It has been estimated that as many as 1% of women fall into this category, reporting little to no pain in labor, but it is still a fascinating experience to work with the real life, walking and talking version of these tales, even when you have seen it before. Just recently, I helped a Unicorn Birther deliver her baby, staring at her in disbelief, as she bounced around the labor room, contracting only every six or seven minutes, smiling, laughing, with perfect makeup and beautiful eyelashes at a good eight centimeters of cervical dilation. I would watch each contraction peak on the monitor, but her smile was unmoved. Sometimes she would touch her belly, feeling the firmness, and state that she “thought” that one may have been stronger.
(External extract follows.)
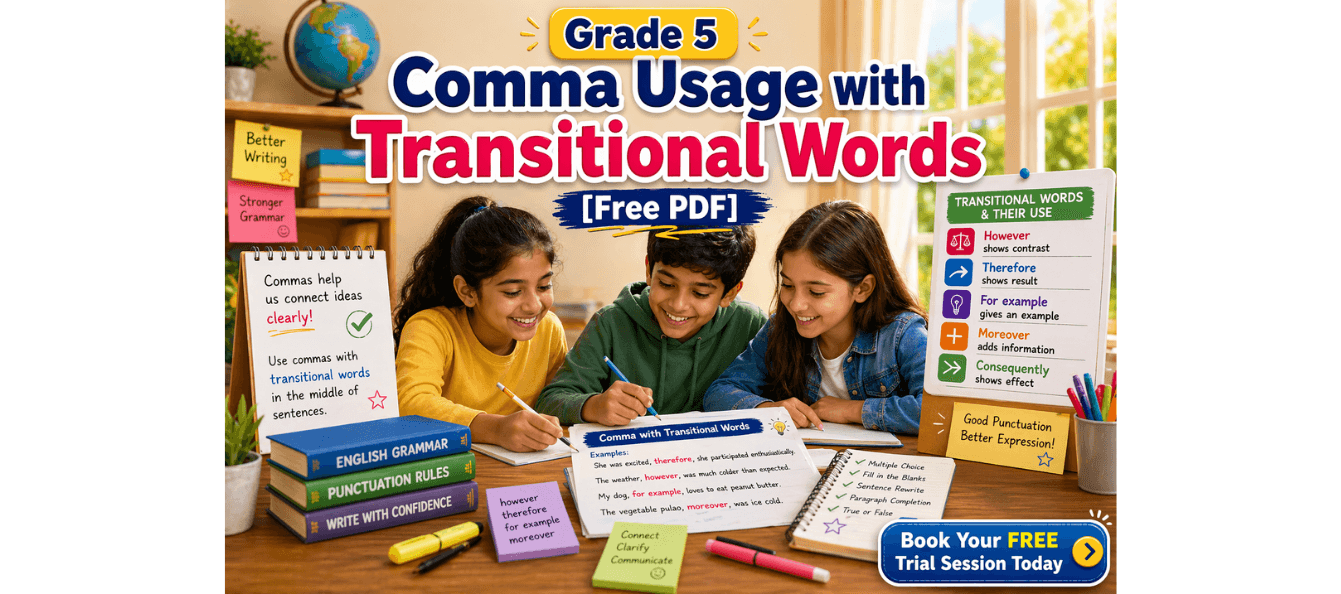Grade 5 Comma Usage with Transitional Words [Free PDF].png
I found myself surprised and relieved that she was aware enough of her body to come to the hospital rather than having her baby on the kitchen floor.

However, very interestingly, of all the Unicorn Birthers I have delivered, I have never had a single “easy” unicorn delivery. Each one of my unicorns have, in fact, had a malpositioned, usually sunny-side up or OP, baby that did not descend into the pelvis without a whole lot of encouragement. This may be why the sensations of labor are so different for these patients, the lack of decent with a cervix that somehow dilates nicely despite the baby remaining high in the pelvis. In each of my experiences with unicorns, once their babies finally did descend, typical sensations of labor ensued and suddenly they looked like normal laboring women, though they often delivered so quickly that the story remained that the labor was essentially pain free.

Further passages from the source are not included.